Вот жизнь как она есть; вот люди как они есть… И жутко, жутко делается: что они сделали с дарованной для их жизни землей, во что они превратили ее!.. Кровь, слезы, пожарища, насилия, виселицы, расстрелы, грабежи и страдания, страдания во всем мире!.. И сделали это люди, те, которые имели среди себя и Христа, и Сократа, и блаженного Августина, и Конфуция, и Лао-Тая, и Будду, и Толстого!..

1942.IV.12. Триста двадцать пятый день войны. Оказывается, у меня есть современник, который записывает слухи. Я, как уже отмечал, не записывал их, я брал лишь факты; и только тогда записывал слух, когда он касался какого-нибудь факта, который я не мог проверить. Этот мой современник — Е. Г. Ольденбург.

Сегодня она мне помогала снять со стены дома плакат с надписью о защите родного города. Плакат этот провисел всю зиму под дождем, снегом, метелями, обстрелом: «Не сдадим родного города!» Ленинградцы отстояли свой город. Через несколько лет, через 50—100, плакат этот будет музейной редкостью. Пред ним потомки наши преклонят свои головы. Этот лоскут бумаги, бережно сохраненный, будет рассказывать о пережитом в Ленинграде больше, чем сотни написанных страниц. Он живой документ своего времени…

И вот когда Е. Г. Ольденбург помогала мне снимать со стены этот плакат, то и сказала, что она исписала несколько тетрадок, записывая все свои впечатления день за днем и все, что она слышит, слухи.

Итак, не один я пишу. Но так, как я пишу, другой не пишет. Мы видим и переживаем все ведь по-своему, неодинаково…

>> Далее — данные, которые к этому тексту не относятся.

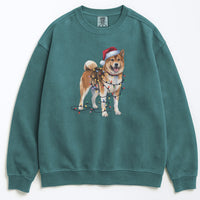 Load image into Gallery viewer, Christmas Akita Sweatshirt, Christmas Lights Dog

Ромашевский с начала войны вел регулярную запись тревог (таковых он насчитал до мая 1942 г. — 359), а во время дежурств — всех случаев. То же, оказывается, записывал и В. А. Петров. Кое-что записывал я. Значит, материалы у нас выявляются, и их немало! Надо только зарегистрировать бы их, сохранить, изучить…

Узнал, что в нашем доме в течение зимних месяцев из 200 жильцов умерло 65, т. е. около 35 %».

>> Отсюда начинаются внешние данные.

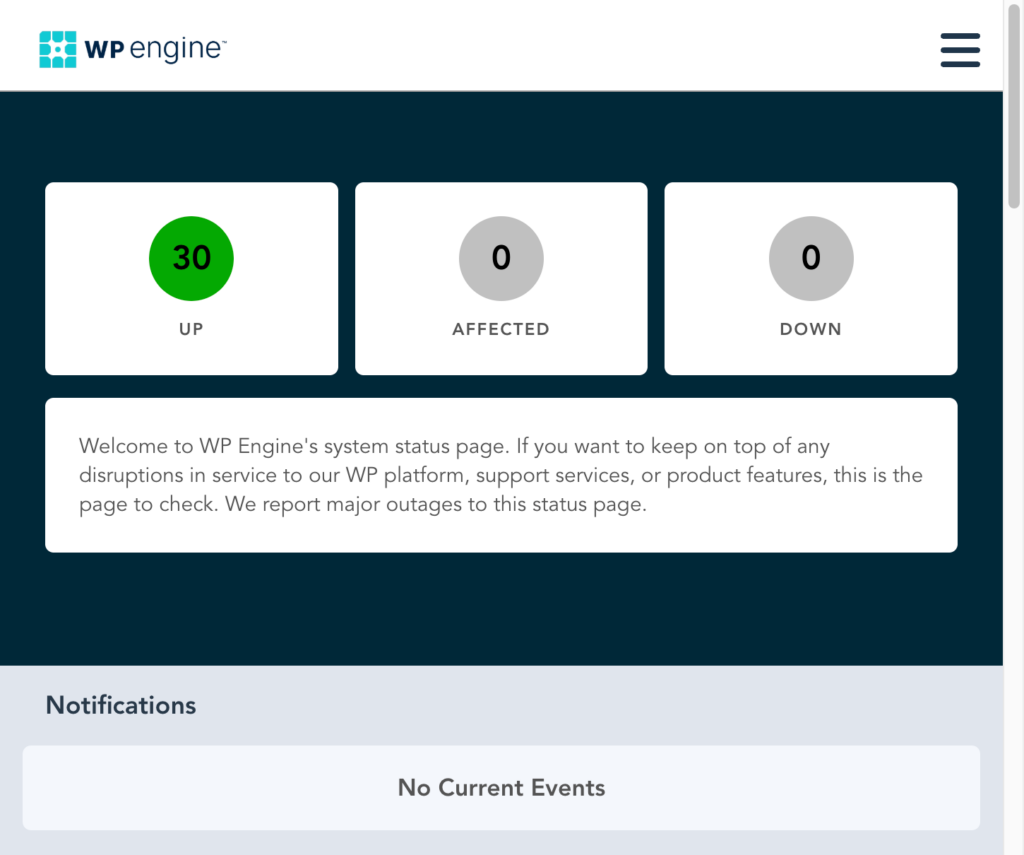 The WP Engine status page, showing 30 servers up, with 0 down or affected.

А это читаем в другом дневнике:

«26. IV.42. Мне рассказывали, что умер один старик, он был до некоторой степени причастен к искусству. Среди его вещей нашли им сделанную медаль с надписью «Я жил в Ленинграде в 1942 году». Быть может, после войны и следовало бы такую медаль дать всем ленинградцам.

И еще: я бы на каком-либо красивом месте в городе или в одном из парков поставила бы памятник всем тем, кто умер во время блокады, и на камне высекла бы цифру смертности. Это будет звучать еще более величественно, чем Люцернский лев» (К. В. Ползикова-Рубец).

Вот о чем они думали в апреле 1942 года, чуть ожив па первом теплом солнце. Они находились еще в физической немощи, умирали от истощения, по-прежнему на улицах рвались снаряды, рушились дома, но вот уже подросток Саша Нестеров подходит к зеркалу: «…дистрофик — я увидел это слово в зеркале».

Люди стали смотреть, и оглядываться, и видеть. Среди горя, любви, подвигов самопожертвования и долга узрелось и другое.

Происходила поляризация, хорошее выявлялось, обнажалось в своей красоте, плохое — во всей безобразности. Тут было разное: и мародерство, и спекуляция, кто-то наживался на голоде, воровали продукты, выменивали на золото, на драгоценности, картины, меха, были и такие, что пьянствовали, кутили («Однова живем!»), — всякое было в многомиллионном городе. Странно, однако, что в дневниках эти случаи приводят редко, их надо выискивать, о них писали меньше и вспоминают о них неохотно, хотя и соглашаются, что, если избегать этих фактов, картина получится неполной.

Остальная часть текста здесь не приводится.